Thirty-one million school lunches a day are served via a federal program. A government nanny is already cooking your kid's meal. So when Christie told the boy yesterday, "I don't care what you're eating for lunch every day. I really don't. I want you to eat whatever your mother wants you to eat and your father wants you to eat," I'm trying hard to understand the alternate system he's proposing. Nutrition standards set by PTA vote? No standards at all?
Whatever he has in mind, it's hard to listen to this obvious campaign pandering without thinking of Christie's own longtime struggle with obesity, which has been so intractable that he reportedly underwent a secret gastric bypass in 2013. Normally I'd hesitate to even bring this up, as it might be seen as straying into ad hominem territory, but Christie himself once linked his weight problems with school food reform.
Kudos to CBS News for digging up this 2011 quote he gave to The Telegraph, in which he expressly supported Michelle Obama's school food reform efforts:
Christie said it is "a really good goal to get kids to eat better." He added, "I've struggled with my weight for 30 years. And it's a struggle. And if a kid can avoid that in his adult years or her adult years, more power to them. And I think the first lady is speaking out well."

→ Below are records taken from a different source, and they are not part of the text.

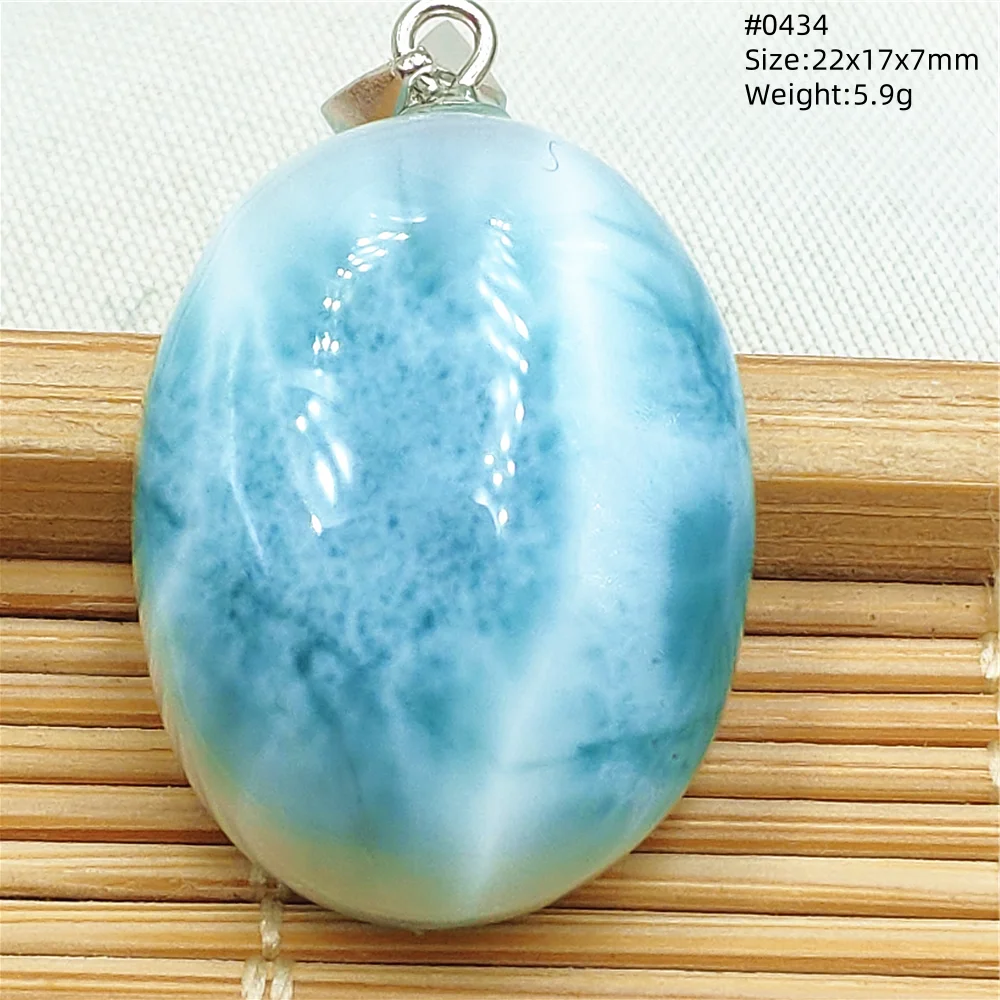 Natural Blue Larimar Heart Pendant Necklace Gemstone Women Men Larimar 17.5*19mm 18K Gold Love Larimar Fashion Jewelry AAAAAA - Image 29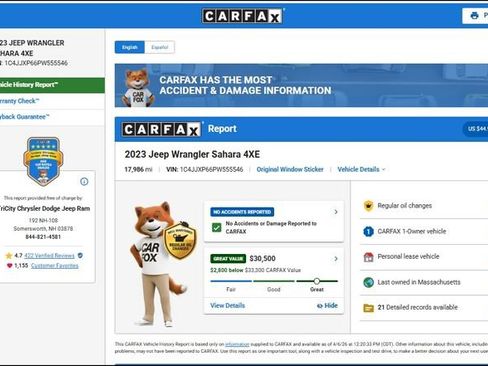 Used 2023 Jeep Wrangler Unlimited Sahara w/ Cold Weather Group image 4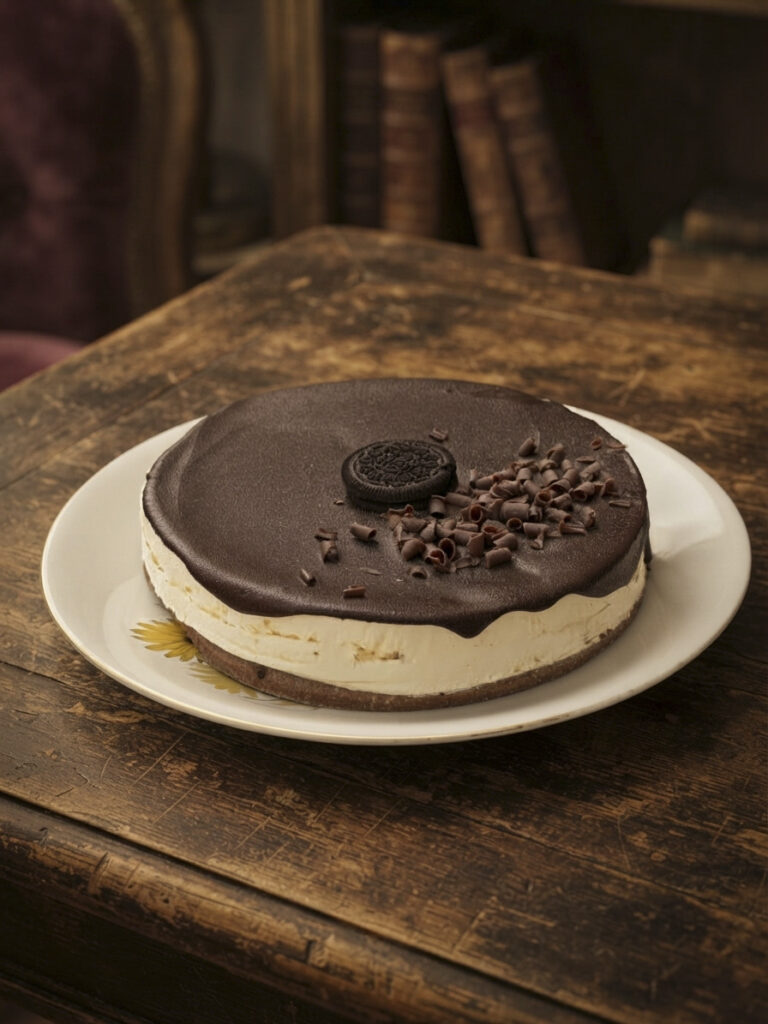Cheesecake Oreo: la ricetta senza cottura con base al cacao, crema al formaggio e ganache fondente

But in a presidential election season, that's all ancient history. We're not supposed to remember anything about Chris Christie circa 2011, because then we'd have to reconcile his current campaign bluster with many other now-inconvenient positions, like his former, much-praised tolerance for Muslims, his support of gun regulation and his championing of women's reproductive rights.
Apparently, caring about kids' health is another position that just won't fly in an election year.